En 2014, à l’époque de l'entente filiale. Joël Saget/AFP

Le lien parent-enfant est sans doute plus solide que le lien amical, mais il n’est pas indissoluble. La logique « affinitaire » s’est introduite dans le cœur même de la famille et non plus seulement du couple.

Bref, l’actualité est faite et surtout reçue par des citoyens qui sont désormais des individus jaloux de leur autonomie personnelle et qui n’acceptent pas le jugement que les autres peuvent porter sur eux. Les médias cherchent à s’adapter à cette mutation en mettant en scène les sujets en partant de la population elle-même (comme l’émission « Un jour en France » de Bruno Duvic sur France-Inter) ou en se rapprochant physiquement des téléspectateurs, comme on l’observe de plus en plus dans les journaux télévisés.

Mais globalement, les institutions peinent à se reformuler pour satisfaire cette demande d’une prise en compte plus personnelle et proche du point de vue des citoyens.

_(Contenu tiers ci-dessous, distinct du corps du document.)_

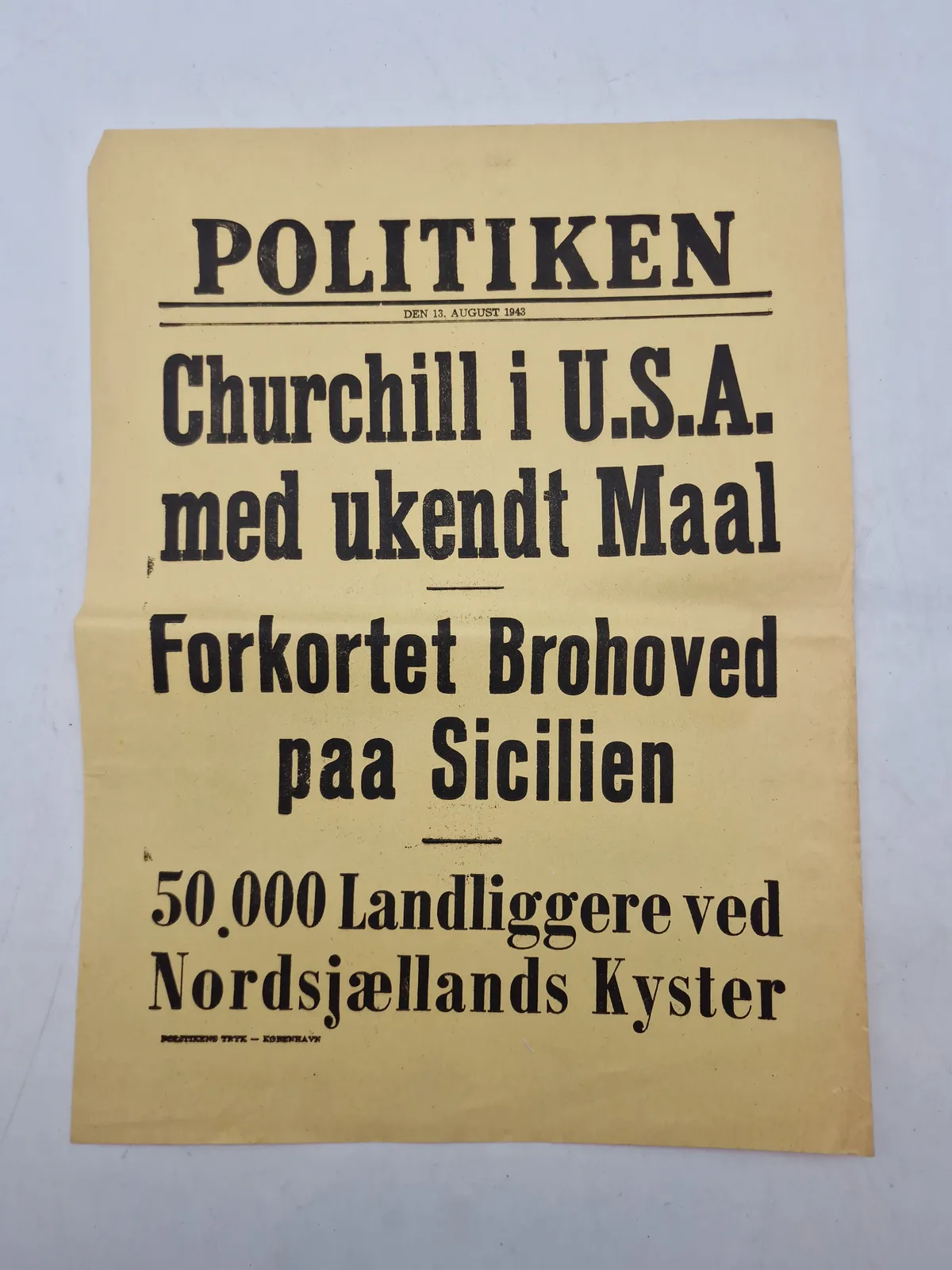 Original ww2 spiseseddel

Et, quand c’est le cas, c’est le produit d’initiatives locales pas toujours mises en avant ou en valeur par les hiérarchies. Il est temps de penser le monde avec ce constat fondateur de l’individualisation de notre société.

En attendant, les citoyens construisent des liens horizontaux sur internet ou entre voisins, ils prennent soin de la collectivité sans s’oublier eux-mêmes. Et quand la réalité les insatisfaits, ils se tournent vers la fiction pour voir le monde à hauteur d’homme avec la caméra sur l’épaule comme dans certains films.

Et alors même que le numérique met à mal la diffusion papier de l’information, on apprend en cette rentrée littéraire que le marché du livre enregistre une tendance annuelle à la hausse de 2,3 %. La littérature nous donne à voir le monde à la première personne, que ce soit sur écran ou sur papier, elle restera longtemps une échappatoire.